From: Ido Schimmel <idosch@nvidia.com>

- RTM_NEWNEXTHOP et.al. that handle resilient groups will have a new nested
  attribute, NHA_RES_GROUP, whose elements are attributes NHA_RES_GROUP_*.

- RTM_NEWNEXTHOPBUCKET et.al. is a suite of new messages that will
  currently serve only for dumping of individual buckets of resilient next
  hop groups. For nexthop group buckets, these messages will carry a nested
  attribute NHA_RES_BUCKET, whose elements are attributes NHA_RES_BUCKET_*.
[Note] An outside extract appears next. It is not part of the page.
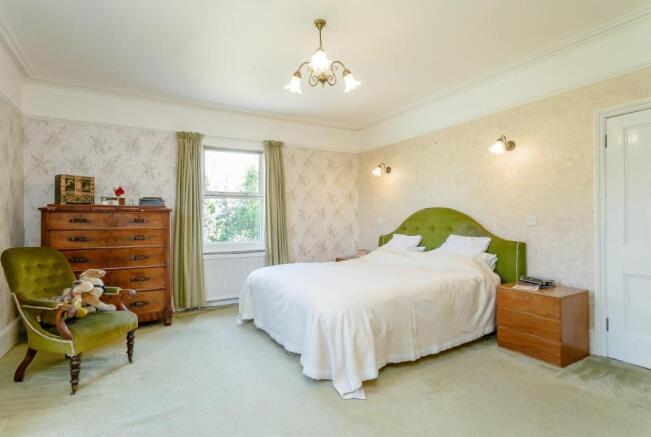 8383901-interior06.jpg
  There are several reasons why a new suite of messages is created for
  nexthop buckets instead of overloading the information on the existing
  RTM_{NEW,DEL,GET}NEXTHOP messages.

  First, a nexthop group can contain a large number of nexthop buckets (4k
  is not unheard of). This imposes limits on the amount of information that
  can be encoded for each nexthop bucket given a netlink message is limited
  to 64k bytes.

  Second, while RTM_NEWNEXTHOPBUCKET is only used for notifications at
  this point, in the future it can be extended to provide user space with
  control over nexthop buckets configuration.

- The new group type is NEXTHOP_GRP_TYPE_RES. Note that nexthop code is
  adjusted to bounce groups with that type for now.

Signed-off-by: Ido Schimmel <idosch@nvidia.com>
Reviewed-by: Petr Machata <petrm@nvidia.com>
Signed-off-by: Petr Machata <petrm@nvidia.com>
---
 include/uapi/linux/nexthop.h   | 43 ++++++++++++++++++++++++++++++++++
 include/uapi/linux/rtnetlink.h |  7 ++++++
 net/ipv4/nexthop.c             |  2 ++
 security/selinux/nlmsgtab.c    |  5 +++-
 4 files changed, 56 insertions(+), 1 deletion(-)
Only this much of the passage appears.